PORTLAND, Ore. (KOIN) – Oregon will elect a new governor in November and the latest poll shows a close race underway between the Republican and Democrat nominees in the contest.
An independent poll commissioned by The Oregonian shows Republican nominee Christine Drazan, the former state House Republican leader, with 32% of the vote and Democrat nominee Tina Kotek, the former state Speaker of the House, with 31% of the vote. Betsy Johnson, the unaffiliated candidate and a former Democratic lawmaker, received 18% of the vote in the poll.
The poll of 600 likely voters was conducted by DHM Research of Portland.
Political observers told KOIN 6 News the candidates are trying to figure out exactly what voters care about most in the final weeks leading up to Election Day.
“Many voters are going to vote on more bread-and-butter economic issues like gas prices, inflation, crime, and those are issues that Christine Drazan and the Republican side are really leaning into as areas that they have a political advantage on,” said Lewis & Clark College political science professor Ben Gaskins. “So, it’ll be interesting to see to what degree Kotek keeps her message really aligned with those issues that Democrats are favored on or if she really speaks to those bread-and-butter kitchen table economic issues.”
The three leading candidates in the governor’s race were in a debate in Bend on Wednesday night where the candidates discussed key issues such as gun control, abortion and homelessness.
Drazan is trying to become the first Republican governor in Oregon in more than 35 years. According to the poll, Drazan has solidified her base more than Kotek who is especially challenged by Johnson.

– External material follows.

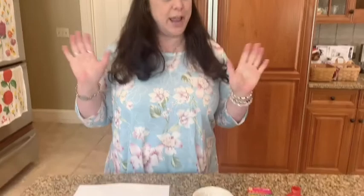These are the things you'll need: your hands, some paint, some crayons, maybe a sponge, and a paintbrush.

In reaction to the poll, Drazan’s campaign released a statement saying “our state is ready for a new direction and voters increasingly recognize Christine as the only candidate who will deliver. We are excited about the momentum we are seeing and will continue to run hard through Election Day.”

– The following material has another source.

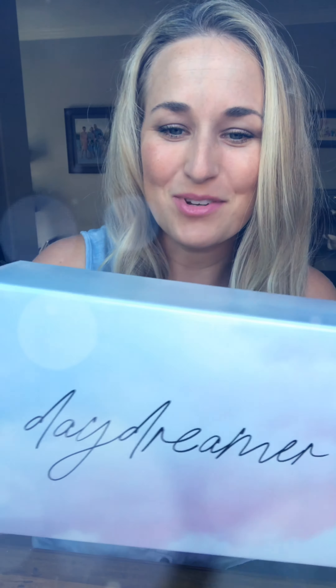But first, look at this beautiful box. It'll make a great keepsake box. It's got beautiful, almost like marshmallow-y, dreamy tones to it. Isn't that beautiful? Like cotton candy.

Kotek’s campaign said the other candidates would move Oregon to the far-right on issues such as abortion rights and preventing gun violence.
Political observers say it is a challenging time for Democrats as they face a midterm election with the economy wavering and an unpopular Democratic governor.

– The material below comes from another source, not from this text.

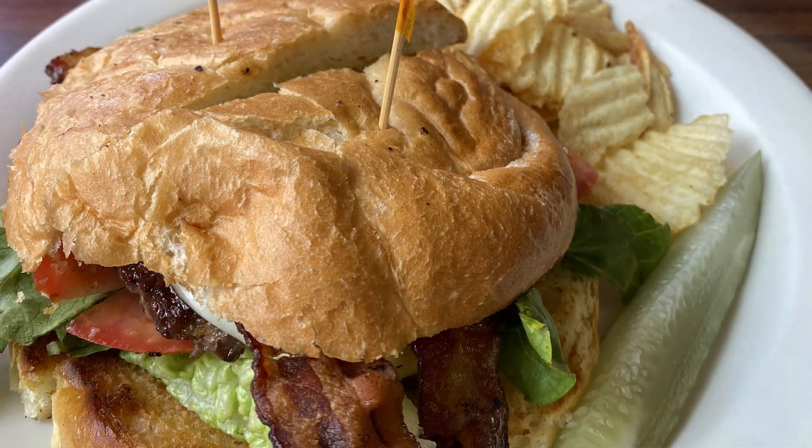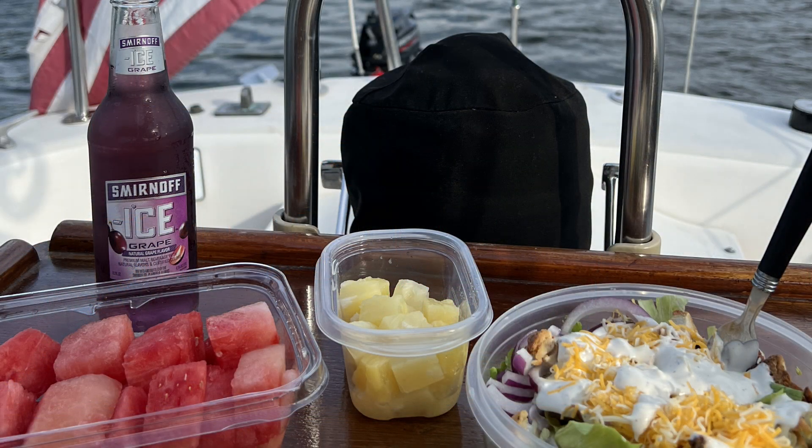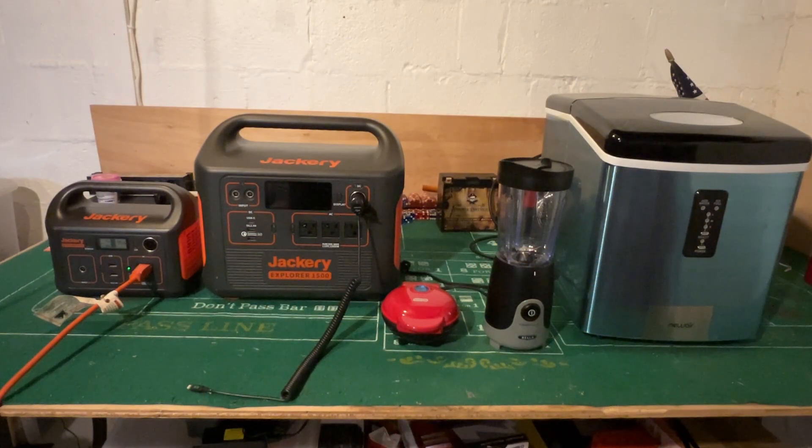We use the air fryer to make wings, nuggets, and even big drumsticks. We use a mini crock pot to make rice, and we also use the ice maker with a huge fridge — or as I like to call it, the inboard cooler.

In a campaign email, Johnson said “while the polls may say we are down, I love Oregon too much to surrender to cynicism. We may be playing from behind, but so is Oregon. I’m not running for Miss Congeniality, I intend to hold Tina Kotek accountable for her dangerous, far-left record and I won’t stop fighting for Oregon’s future until the last vote is counted.”
There are still plenty of voters who are undecided, which is why Oregonians are seeing many political ads and getting a lot of door knocks as well.